Oleh karena itu menurut Penulis kebijakan pidana seumur hidup sejatinya
tidak sesuai dengan tujuan pemasyarakatan. Di satu sisi pemasyarakatan bertujuan
untuk memasyarakatkan kembali narapidana, namun disisi lain narapidana
seumur hidup mengalami kesulitan untuk dapat dimasyarakatkan kembali terlebih
26
jika permohonan remisi dari pidana seumur hidup menjadi pidana sementara
ditolak. Narapidana harus kehilangan haknya untuk kembali ke masyarakat.
Menurut pandangan Penulis kemungkinan kecil memperoleh remisi bagi
narapidana seumur hidup diantaranya disebabkan oleh beberapa alasan seperti:
1. Belum terpenuhinya syarat-syarat untuk dapat memperoleh pengurangan masa
pidana (remisi) yaitu berkelakuan baik dan telah menjalani pidana paling
singkat 5 (lima) tahun.
2. Tidak ada jaminan apabila mengajukan permohonan remisi dari pidana
seumur hidup menjadi pidana sementara pasti akan dikabulkan.
3. Masih menimbulkan kekhawatiran atau keresahan dalam masyarakat. Yang
dimaksud menimbulkan kekhawatiran atau keresahan dalam masyarakat
adalah, narapidana dikhawatirkan akan melakukan atau mengulangi tindak
pidana lagi yang dapat merugikan masyarakat setelah bebas nanti.
Berdasarkan alasan-alasan tersebut diatas, dapat dikatakan bahwa kecilnya
kemungkinan memperoleh remisi bagi narapidana seumur hidup, menurut Penulis
juga dimaksudkan agar selama dalam proses pembinaan di lembaga
pemasyarakatan, narapidana ini benar-benar dibina dan dididik untuk menjadi
manusia yang nantinya dapat berperan serta dalam masyarakat setelah bebas.
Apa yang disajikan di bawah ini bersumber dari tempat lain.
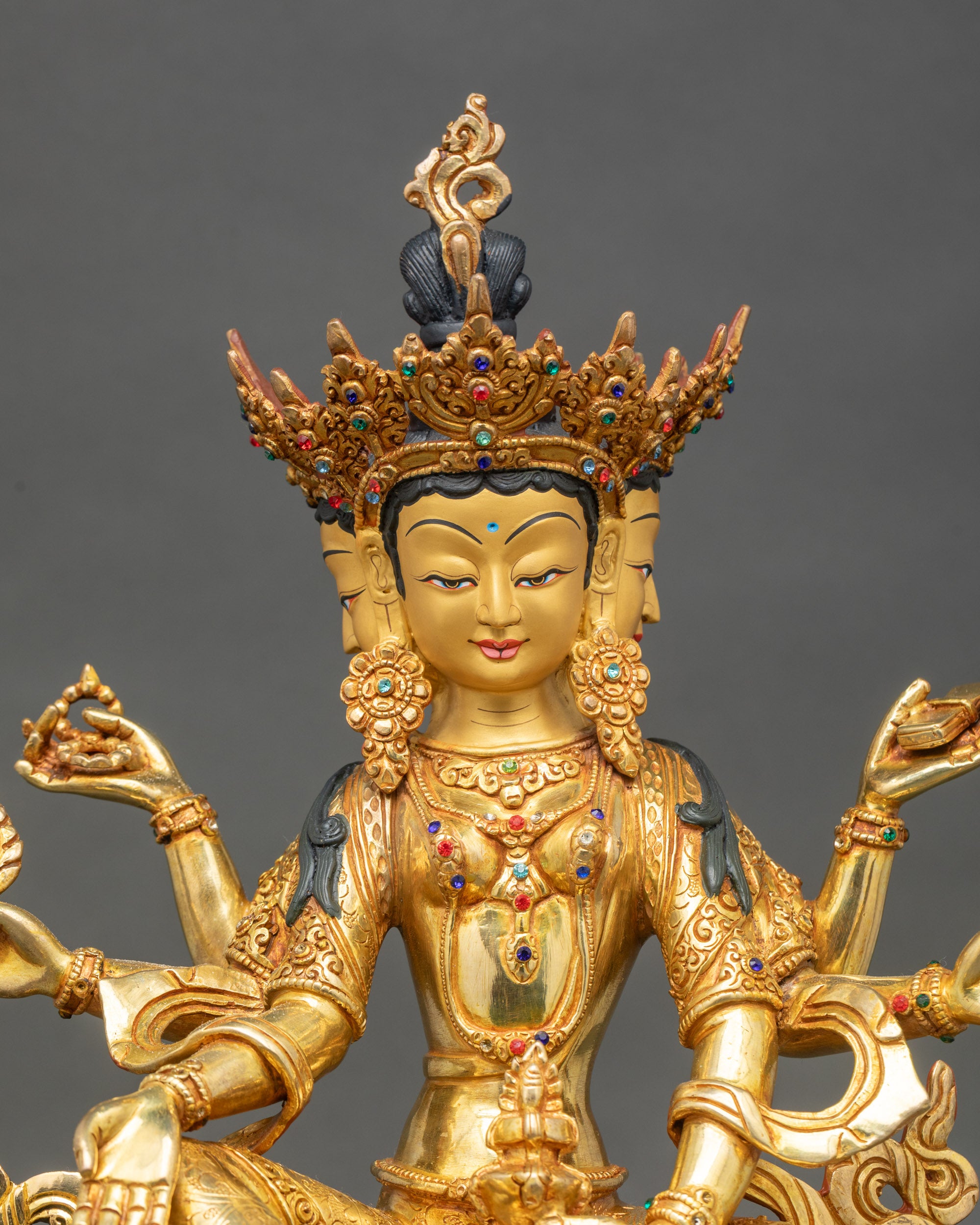 Close up Vasudhara Buddha gold-painted face copper sculpture Newari artisan handcrafted Patan Nepal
Berdasarkan keseluruhan uraian diatas Penulis menyimpulkan bahwa pidana
seumur hidup yang merujuk pada narapidana seumur hidup di Lembaga
Pemasyarakatan Kelas I Kedung Pane Semarang belum dapat menunjukkan
adanya keberhasilan remisi sebagaimana diatur dalam Keputusan Menteri terkait
27
serta perundang-undangan lainnya yang mengatur tentang remisi bagi pidana
seumur hidup. Remisi ini merupakan hak yang bagi setiap narapidana selama
dalam lembaga pemasyarakatan sebagai salah satu bentuk upaya mewujudkan
tujuan pemasyarakatan yaitu proses resosialisasi. Disatu sisi pemasyarakatan
bertujuan untuk memasyarakatkan kembali narapidana,(resosialisasi) namun disisi
lain penjatuhan pidana seumur hidup yang diterapkan saat ini menutup
kemungkinan narapidana untuk melakukan resosialisasi.
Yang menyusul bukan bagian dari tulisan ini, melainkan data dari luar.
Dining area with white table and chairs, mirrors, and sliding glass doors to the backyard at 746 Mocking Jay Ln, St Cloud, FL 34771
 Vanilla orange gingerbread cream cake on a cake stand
Salah satu upaya mewujudkan resosialisasi melalui remisi bagi narapidana
seumur hidup sangat selektif dan terbatas, mengingat langkah yang harus
ditempuh narapidana seumur hidup guna memperoleh remisi harus melalui
tahapan yang panjang yaitu bermula dari narapidana yang bersangkutan hingga
kepada Presiden. Remisi yang dimohonkan bagi narapidana seumur hidup juga
tidak ada jaminan bahwa permohonan remisi menjadi pidana sementara pasti akan
dikabulkan. Oleh karena itu menurut pandangan Penulis penerapan kebijakan
remisi dalam peraturan perundang-undangan yang salah satunya diatur dalam
Keputusan Menteri Hukum dan HAM Nomor M-03.PS.01.04 Tahun 2000
dengan merujuk pada narapidana seumur hidup di Lembaga Pemasyarakatan
Kelas I Kedung Pane Semarang dapat memberikan gambaran bahwa pelaksanaan
remisi bagi narapidana seumur hidup khususnya pada keempat narapidana seumur
hidup diatas, sangat selektif dan terbatas.